Marvel Comics editor Sana Amanat, who is also Muslim American, will be collaborating with Wilson on developing Kamala’s storyline. Amanat says they will show Kamala’s struggle with her Muslim faith but it will not be a prime focus. Rather, the creators are determined not to come across as preachy about religion to faithful Marvel Comic readers.
Though Kamala will be shown struggling with her faith, the real story will be her relationship with her family. With a conservative brother, a paranoid mother and a strict father, the Khan family could easily be like yours; that is, if you are from a nuclear family. Aside from learning to deal with her superpowers, Kamala will contend with the pains of being a teenager and her desire to rebel. Marvel Comics will also show Kamala relating with her peers, who will see her as “different” from them.

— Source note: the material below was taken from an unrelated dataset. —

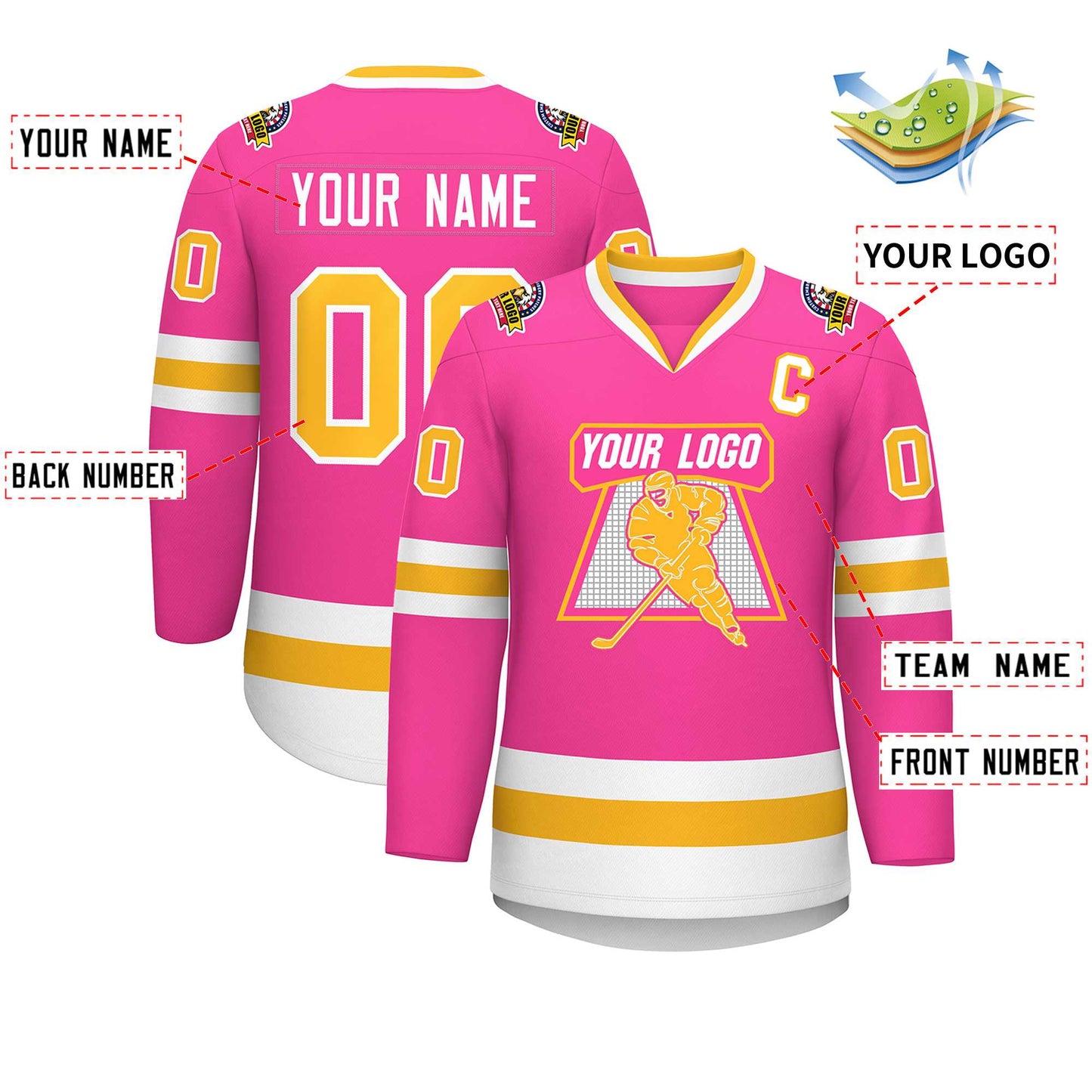 Custom Pink Gold-White Classic Style Hockey Jersey Limited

Clearly, Kamala is different from her peers. The Marvel universe is populated with mostly male characters (two female characters will be introduced in 2014), and few are anyone of color. Kamala is the first creation by Marvel Comics who is a teenager, female and a person of color. Oh, and let’s not forget the religion part. It may seem as if Kamala will carry a large load when she appoints herself as Ms. Marvel but she will have company—the previous Ms. Marvel herself, as well as the Marvel universe. They won’t be introduced right away, though; Amanat wants fans to get to know Kamala first.
“Also, as you’ll discover in the story, Kamala is a part of a much larger event in the Marvel U—which she won’t really understand the ramifications of until later down the road,” Amanat said. “We will definitely get there; we just want you to get to know Kamala first.”
Two Marvel female characters, She-Hulk and Elektra, will get their own series next year.